[[ Source material, beginning ]]
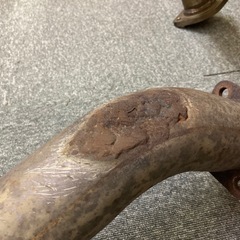 Y31用APEXマフラーの画像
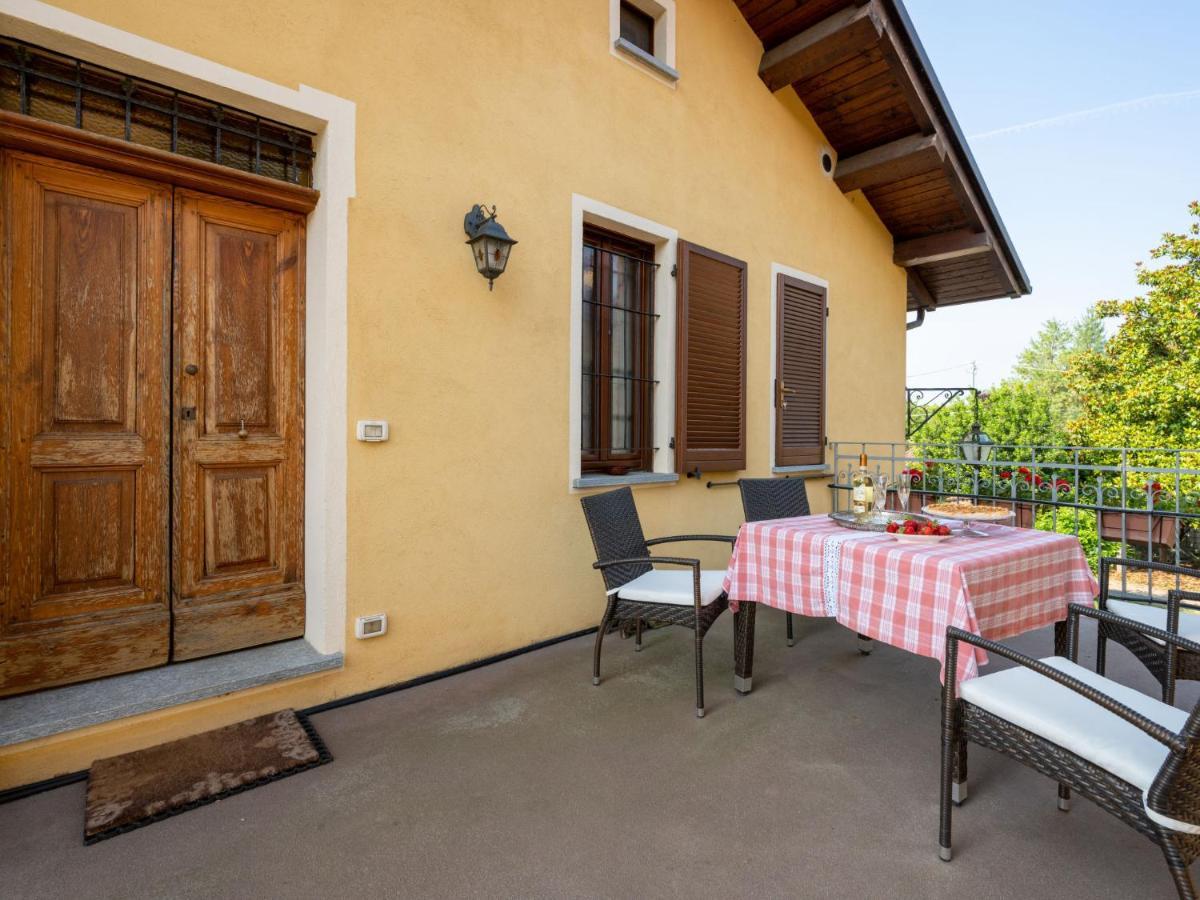Apartment Ortondo B&B-3 By Interhome Cortiglione ภายนอก รูปภาพ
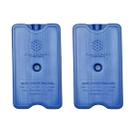 Kit Com Gelos Reutilizáveis De 500ml GeloTech Com Alta Capacidade De Resfriamento Excelente Qualidade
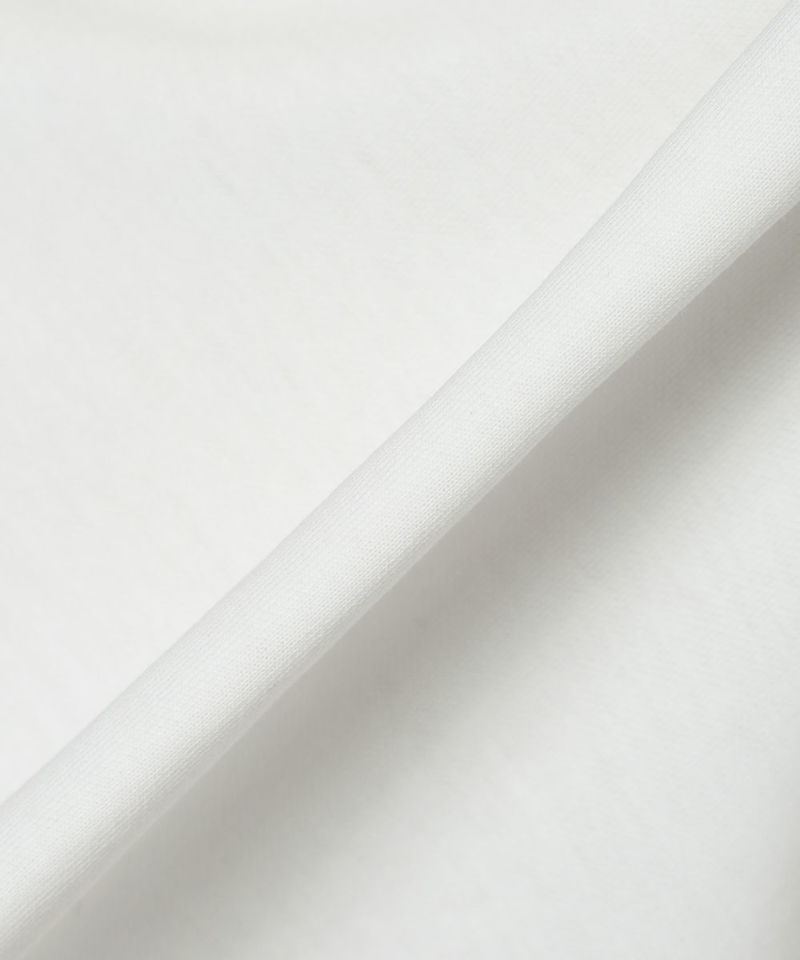 Fabric up (off white×red)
[[ Source material, end ]]
Starting at the line that contains "Kit Com Gelos", retype each line through the final one in the listing, with both ends kept and the pictures omitted.

 Kit Com Gelos Reutilizáveis De 500ml GeloTech Com Alta Capacidade De Resfriamento Excelente Qualidade
 Fabric up (off white×red)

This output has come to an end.